Sacrilegio. Tal es el grave delito con que social y jurídicamente son condenados quienes osan actuar contra la doctrina de los derechos humanos. Estrenada mundialmente como coronación a procesos intelectuales bien definidos, cuyo elemento en común es el hombre en cuanto ser que ocupa el lugar de Dios, en un sentido utópicamente positivo (el buen salvaje de Rousseau), lúgubremente negativo (el titánico lobezno de Hobbes), u optimistamente intermedio (el ingenuo ciudadano de Locke). Sea cual sea el punto de partida para iniciarse en la doctrina en cuestión, todas han contribuido a forzar “consenso” en los países de influencia occidental.

Pero ¿existen realmente estos derechos, y/o es viable aplicarlos universalmente? Si no, ¿cómo definimos a quién si y no? La respuesta debe ser anunciada según la realidad que muchos saben, pero pocos comentan: Los derechos humanos son un montaje instrumental para proscribir y erradicar grupos que disientan de la “verdad oficial”, valiéndose para ello de una confusión respecto a los reales derechos y bienes de las personas, por medio de una narrativa confusional y sentimental.

La senda ideológica del montaje cobró forma en la modernidad, y luego, asumió el poder en siglos contemporáneos. Empero, los asaltos posmodernos del presente dejan expuestos los vacíos tras su aparataje. A continuación, reseñaremos su desarrollo histórico, para así desenmascarar su naturaleza totalitaria. Sin embargo, si alguno comienza a pensar que por negar la existencia de los derechos humanos se avalan asesinatos, persecuciones, robos y matonaje de cualquier tipo, se equivoca; porque, las reglas contra estos delitos eran —y aún pueden ser— realizables fuera del montaje, y hasta con mayor honestidad que en el caso de una doctrina que ensalza como si nada a personas con simpatías dudosas.
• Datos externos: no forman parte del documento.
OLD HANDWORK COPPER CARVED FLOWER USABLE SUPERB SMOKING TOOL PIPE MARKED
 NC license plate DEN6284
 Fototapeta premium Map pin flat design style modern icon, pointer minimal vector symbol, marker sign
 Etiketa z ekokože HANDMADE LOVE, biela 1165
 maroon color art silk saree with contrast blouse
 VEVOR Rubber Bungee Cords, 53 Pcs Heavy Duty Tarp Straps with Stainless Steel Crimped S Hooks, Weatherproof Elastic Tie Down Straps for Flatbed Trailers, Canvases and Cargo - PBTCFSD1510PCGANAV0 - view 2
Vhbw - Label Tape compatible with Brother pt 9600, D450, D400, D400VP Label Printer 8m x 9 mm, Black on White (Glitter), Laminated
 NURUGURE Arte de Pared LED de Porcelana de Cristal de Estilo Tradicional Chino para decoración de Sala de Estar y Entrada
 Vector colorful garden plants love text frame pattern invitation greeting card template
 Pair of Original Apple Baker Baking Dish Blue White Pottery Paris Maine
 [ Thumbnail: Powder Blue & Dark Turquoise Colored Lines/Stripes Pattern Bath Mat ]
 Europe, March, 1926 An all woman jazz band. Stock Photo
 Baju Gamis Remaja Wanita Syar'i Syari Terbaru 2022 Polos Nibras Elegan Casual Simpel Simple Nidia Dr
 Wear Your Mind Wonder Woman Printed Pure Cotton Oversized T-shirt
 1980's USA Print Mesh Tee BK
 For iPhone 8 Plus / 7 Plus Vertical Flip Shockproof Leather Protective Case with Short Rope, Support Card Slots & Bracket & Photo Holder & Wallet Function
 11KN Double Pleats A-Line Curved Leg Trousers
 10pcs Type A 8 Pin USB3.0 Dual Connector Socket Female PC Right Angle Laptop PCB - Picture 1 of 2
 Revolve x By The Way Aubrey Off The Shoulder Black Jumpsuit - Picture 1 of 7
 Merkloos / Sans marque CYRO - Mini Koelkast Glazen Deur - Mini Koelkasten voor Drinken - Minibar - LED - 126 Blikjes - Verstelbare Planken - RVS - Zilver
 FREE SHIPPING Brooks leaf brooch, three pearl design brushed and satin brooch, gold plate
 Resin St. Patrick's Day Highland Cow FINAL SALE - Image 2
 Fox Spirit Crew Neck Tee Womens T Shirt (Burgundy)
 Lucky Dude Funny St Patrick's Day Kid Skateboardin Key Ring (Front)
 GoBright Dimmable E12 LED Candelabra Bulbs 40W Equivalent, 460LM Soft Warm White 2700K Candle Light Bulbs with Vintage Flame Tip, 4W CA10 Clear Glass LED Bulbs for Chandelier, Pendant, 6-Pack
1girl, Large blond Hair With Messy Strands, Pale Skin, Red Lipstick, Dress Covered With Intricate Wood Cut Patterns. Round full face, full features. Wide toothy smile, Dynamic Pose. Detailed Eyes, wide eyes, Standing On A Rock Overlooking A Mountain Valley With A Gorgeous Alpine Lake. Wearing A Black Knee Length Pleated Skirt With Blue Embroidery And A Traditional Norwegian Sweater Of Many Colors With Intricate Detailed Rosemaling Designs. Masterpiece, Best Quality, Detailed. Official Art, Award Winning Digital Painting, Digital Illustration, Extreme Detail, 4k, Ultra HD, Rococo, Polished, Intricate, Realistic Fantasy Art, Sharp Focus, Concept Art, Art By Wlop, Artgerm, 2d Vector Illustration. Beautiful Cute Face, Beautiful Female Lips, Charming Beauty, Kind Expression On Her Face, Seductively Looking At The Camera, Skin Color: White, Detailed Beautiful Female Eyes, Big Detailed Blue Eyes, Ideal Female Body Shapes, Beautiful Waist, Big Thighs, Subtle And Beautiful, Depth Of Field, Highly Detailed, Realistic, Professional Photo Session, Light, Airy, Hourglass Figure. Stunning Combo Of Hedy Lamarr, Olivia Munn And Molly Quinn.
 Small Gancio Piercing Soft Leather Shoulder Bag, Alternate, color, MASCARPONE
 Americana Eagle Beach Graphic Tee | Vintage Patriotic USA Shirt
Y cómo no son más que un montaje, por medio de un montaje en tres actos lo vamos a demostrar. Recuérdese sí que un montaje se compone de dos partes: Una idea a montar y el hecho práctico de ensamble, ambas partes que, adelantamos, han tenido por promotores a un grupo que impulsó sus intereses egoístas a costa de sociedades donde su poder político era poco y nada frente al económico con que contaban.

ACTO I

Tout pour le peuple, rien par le peuple

Protagonista: El leviatánico lobezno de Hobbes.

El tiempo lejano, donde las naciones no existían tal y como hoy las conocemos, tuvo entre sus luchas políticas más relevantes aquellas entre reyes y pontífices, mientras que el resto de bellatores (nobles) tomaba partido por uno u otro bando, siguiéndoles sus respectivos laboratores (trabajadores). Pero, una parte de los laboratores nunca estuvo conforme con aquel entramado social, en que el campo era el principal espacio para el desarrollo de la vida y la ciudad era vista con recelo.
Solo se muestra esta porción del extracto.